Publication information
- Publisher: Marvel Comics
- First appearance: Daredevil #131 (March 1976)
- Created by: Marv Wolfman (writer) John Romita Sr. (artist)

In-story information
- Alter ego: Lester (surname unrevealed)
- Team affiliations: Dark Avengers Thunderbolts Assassins Guild
- Notable aliases: Benjamin Poindexter Leonard McClain Lester Jangles Matt Hobson Daredevil Hawkeye
- Abilities: Master marksman; Innate ability to use almost any object as a lethal projectile; Skilled hand-to-hand combatant and martial artist; Enhanced durability via adamantium skeleton;

= Bullseye (Marvel Comics) =

Supervillain appearing in Marvel Comics

Bullseye is a supervillain appearing in American comic books published by Marvel Comics. Created by writer Marv Wolfman and artist John Romita Sr., the character first appeared in Daredevil #131 (1976) and has endured as one of the superhero Daredevil's two archenemies, alongside the Kingpin. Bullseye has appeared consistently in Marvel Comics since his creation, featuring in solo limited series, series focused on Daredevil, and company-wide storylines.

Bullseye is a psychopathic assassin and marksman capable of using almost any object as a lethal projectile with exceptional accuracy. While his first name has been revealed as Lester, his surname remains unknown, although he has used the alias Benjamin Poindexter on several occasions. Introduced as a gimmick villain, the character was redefined during writer-artist Frank Miller's tenure on Daredevil in the early 1980s, which critics and historians have credited with making Bullseye a menacing and psychologically complex figure whose sadism drives his crimes as much as his profession does. The character's bones were later reinforced with adamantium following a severe injury, increasing his physical resilience.

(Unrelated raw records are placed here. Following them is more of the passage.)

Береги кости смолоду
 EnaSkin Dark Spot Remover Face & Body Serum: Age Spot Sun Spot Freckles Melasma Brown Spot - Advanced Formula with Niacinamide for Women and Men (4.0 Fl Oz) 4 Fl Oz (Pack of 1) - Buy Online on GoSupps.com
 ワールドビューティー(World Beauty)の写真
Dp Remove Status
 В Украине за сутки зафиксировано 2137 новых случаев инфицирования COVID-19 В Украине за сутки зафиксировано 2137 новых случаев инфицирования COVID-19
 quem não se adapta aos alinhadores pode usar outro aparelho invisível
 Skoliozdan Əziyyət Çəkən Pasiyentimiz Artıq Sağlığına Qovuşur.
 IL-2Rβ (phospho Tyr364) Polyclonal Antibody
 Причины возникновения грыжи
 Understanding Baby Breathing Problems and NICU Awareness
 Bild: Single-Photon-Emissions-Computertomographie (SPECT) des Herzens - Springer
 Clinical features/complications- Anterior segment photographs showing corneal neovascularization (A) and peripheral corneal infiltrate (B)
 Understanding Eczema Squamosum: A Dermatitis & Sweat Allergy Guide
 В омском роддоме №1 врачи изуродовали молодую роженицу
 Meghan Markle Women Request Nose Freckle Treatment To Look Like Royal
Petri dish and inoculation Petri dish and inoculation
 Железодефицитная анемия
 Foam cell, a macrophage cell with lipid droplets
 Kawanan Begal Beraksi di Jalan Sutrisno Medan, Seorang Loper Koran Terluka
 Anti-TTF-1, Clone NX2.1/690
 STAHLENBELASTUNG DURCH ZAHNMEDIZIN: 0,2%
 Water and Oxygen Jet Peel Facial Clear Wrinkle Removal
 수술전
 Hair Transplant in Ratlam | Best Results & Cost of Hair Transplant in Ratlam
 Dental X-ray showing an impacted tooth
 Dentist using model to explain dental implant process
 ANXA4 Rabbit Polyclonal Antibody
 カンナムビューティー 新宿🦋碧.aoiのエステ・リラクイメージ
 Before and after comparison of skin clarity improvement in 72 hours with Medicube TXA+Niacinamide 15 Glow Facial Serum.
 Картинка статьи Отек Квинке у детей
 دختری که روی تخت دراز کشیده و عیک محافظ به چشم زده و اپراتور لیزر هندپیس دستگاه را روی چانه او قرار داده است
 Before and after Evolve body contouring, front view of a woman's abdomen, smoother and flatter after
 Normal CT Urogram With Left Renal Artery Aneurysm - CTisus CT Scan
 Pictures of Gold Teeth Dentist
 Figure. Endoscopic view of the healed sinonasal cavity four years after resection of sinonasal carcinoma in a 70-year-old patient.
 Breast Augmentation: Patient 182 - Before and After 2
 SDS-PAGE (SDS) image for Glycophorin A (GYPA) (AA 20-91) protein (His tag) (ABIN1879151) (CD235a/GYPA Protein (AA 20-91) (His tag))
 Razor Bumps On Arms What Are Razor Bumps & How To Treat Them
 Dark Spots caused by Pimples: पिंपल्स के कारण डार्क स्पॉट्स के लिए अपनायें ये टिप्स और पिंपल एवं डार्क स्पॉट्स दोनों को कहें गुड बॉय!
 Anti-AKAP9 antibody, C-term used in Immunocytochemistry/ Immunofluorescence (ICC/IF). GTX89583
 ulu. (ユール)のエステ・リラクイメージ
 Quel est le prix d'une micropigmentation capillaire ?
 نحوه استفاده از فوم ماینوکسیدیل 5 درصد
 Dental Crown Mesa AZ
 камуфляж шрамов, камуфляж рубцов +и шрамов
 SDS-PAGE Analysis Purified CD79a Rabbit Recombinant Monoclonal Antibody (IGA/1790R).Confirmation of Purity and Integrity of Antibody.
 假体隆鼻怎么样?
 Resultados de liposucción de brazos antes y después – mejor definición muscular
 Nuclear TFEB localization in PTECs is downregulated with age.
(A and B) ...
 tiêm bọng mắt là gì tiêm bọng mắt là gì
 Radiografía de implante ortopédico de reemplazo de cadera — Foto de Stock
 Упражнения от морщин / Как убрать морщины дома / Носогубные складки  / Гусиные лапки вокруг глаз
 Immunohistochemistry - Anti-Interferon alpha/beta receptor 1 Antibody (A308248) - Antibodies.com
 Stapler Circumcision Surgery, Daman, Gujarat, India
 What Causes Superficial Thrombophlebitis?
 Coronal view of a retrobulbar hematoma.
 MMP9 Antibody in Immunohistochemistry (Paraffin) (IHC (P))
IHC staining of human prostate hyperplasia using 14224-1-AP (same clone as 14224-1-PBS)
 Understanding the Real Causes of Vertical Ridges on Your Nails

Bullseye's most consequential stories focus on his rivalry with Daredevil, including Frank Miller's Daredevil #181 (1982), in which he kills Daredevil's love interest Elektra, and Kevin Smith's Daredevil vol. 2 #5 (1999), in which he kills Karen Page. He also plays a prominent role in the company-wide storylines Civil War (2006–2007), when he serves on the Thunderbolts, and Dark Reign (2008–2009), when he joins Norman Osborn's Dark Avengers under the alias of Hawkeye. Bullseye's obsession against Daredevil has driven the majority of his appearances, although he has also clashed with the Punisher, Black Widow, and Hawkeye.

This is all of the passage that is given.